The reason that Trusts have stood the test of time over centuries is that they provide a clear legal separation of the assets of an individual from the assets of the Trust. When you transfer assets to a Trust or a Foundation, you no longer own them legally.

Offshore trusts add another layer of protection for the settlor and beneficiaries, as it’s often impossible for any hostile creditor to discover any information about the assets and activities of the offshore trust or foundation. This level of privacy is protected with strong legal safeguards in some offshore jurisdictions.

They can’t be seized by your creditors. Trust law in some jurisdictions even has legislation to stop anyone from being forced to transfer the assets of the trust under duress. For example, imagine your ex-wife knows about the millions sitting in the Offshore Trust and manages to get a judgment to have them transferred to her in your home country.

In this scenario, the Trust would be frozen and legally, you’d be unable to instruct the Trustee to transfer any assets. The creditor would have to start proceedings against the Trust in its legal jurisdiction. If the Trust is established in a jurisdiction with strong asset protection measures like The Cook Islands or Nevis, this will be an almost impossible task.

In the first instance, any creditor would have to hire a legal team in the offshore jurisdiction. In a jurisdiction like the Cook Islands, they’d also have to deposit money with the court to cover potential costs.

​2. Use an Offshore Trust to Protect Your Assets Even if You Haven’t Decided on the Beneficiaries Yet

Some Offshore jurisdictions, such as The Cayman Islands and The British Virgin Islands, have modernized the Trust with the introduction of The STAR Trust. These structures make it easier to remove Trustees and let the Settlor keep more control of the Affairs of the Trust.

These structures are more like living Trusts that do not have to nominate beneficiaries when they are set up. This lets you transfer your wealth out of your legal ownership while still keeping control. You can decide on the beneficiaries at a later date.

​3. Set up an Offshore Trust in the Most Private Jurisdictions

Lichtenstein is the home of the original Foundation, which is basically a European version of the British Trust. Lichtenstein Foundations are largely impenetrable.
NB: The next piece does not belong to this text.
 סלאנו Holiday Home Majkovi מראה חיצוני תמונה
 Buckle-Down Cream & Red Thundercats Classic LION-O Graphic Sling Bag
Panama updated the Foundation structure with its own version of the Lichtenstein Foundation. This, combined with Panama’s strong privacy laws and aversion to cooperating with foreign jurisdictions, makes it a good option.

The Cook Islands and Nevis also have strong privacy laws and legislation which makes their trusts almost impenetrable.
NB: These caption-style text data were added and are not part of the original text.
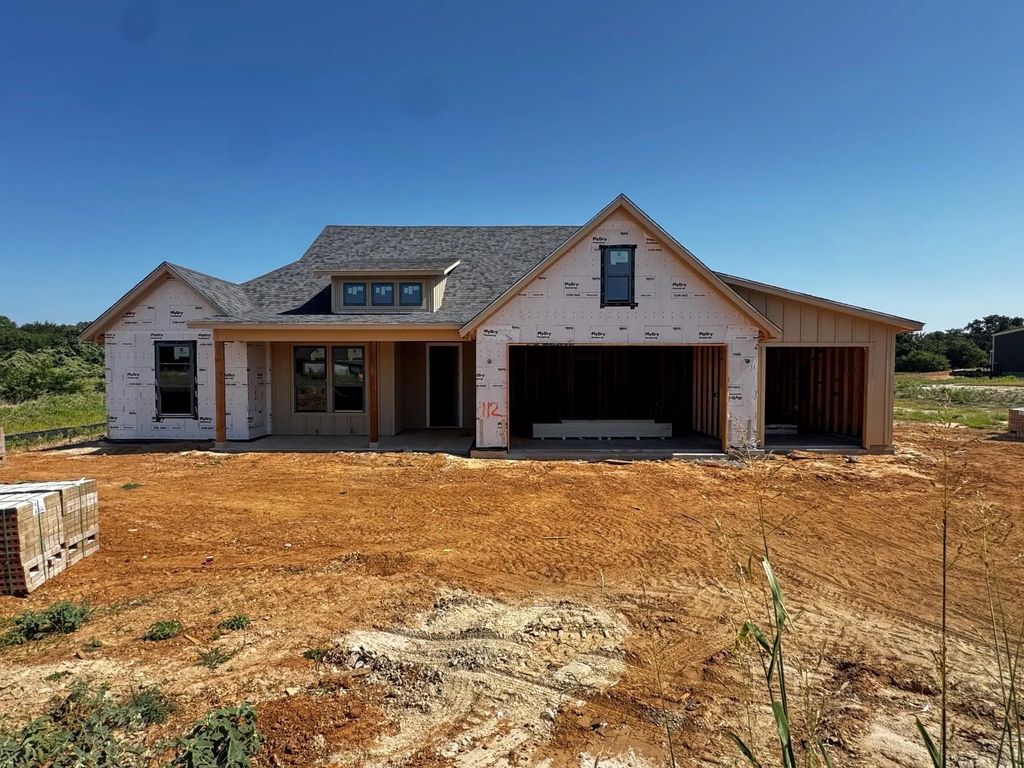 112 Loveta Lane, Boyd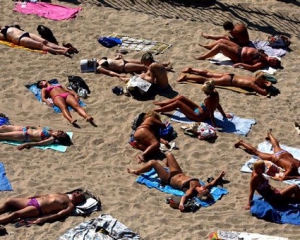 Київська влада вирішила проблему з пляжами: заборонила купатися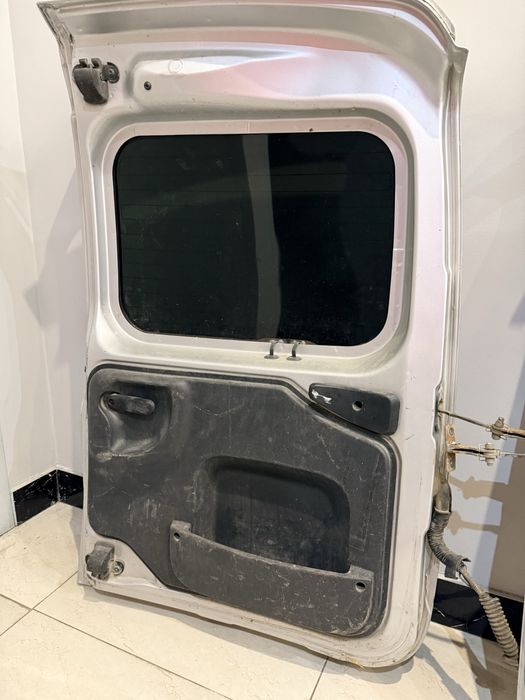 Продам двери на Ларгус оригинал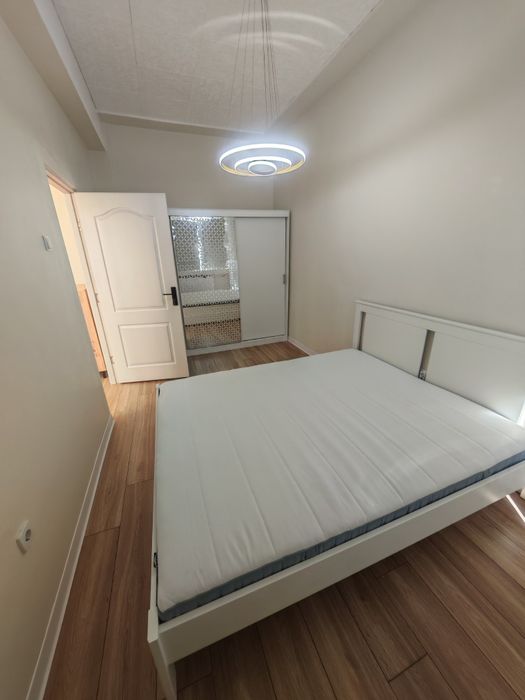 Inchiriez apartament 3 camere central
Cook Islands, A Paradise of Impenetrable Assets

​4. Use an Offshore Trust to Preserve Generational Wealth by Avoiding Inheritance Tax

Trusts and Foundations are good options for preserving generational wealth. Because they are not owned by you, they are not affected by any financial mishaps such as legal judgments or even bankruptcy.

The Trust will be at the top of your Offshore pyramid, owning shares of your confidential Offshore Companies which may in turn, own assets in your home country or other high-tax jurisdictions.

​5. Protect Assets prior to Marriage

As Rockefeller once said, Trusts are the perfect way to “Own nothing and control everything”.

How Trusts and Foundations are Used:

John was planning to marry his long-term fiancé. John had a net worth of more than £8m and lived in London. His assets included shares in his family business, investments in listed companies, and cash.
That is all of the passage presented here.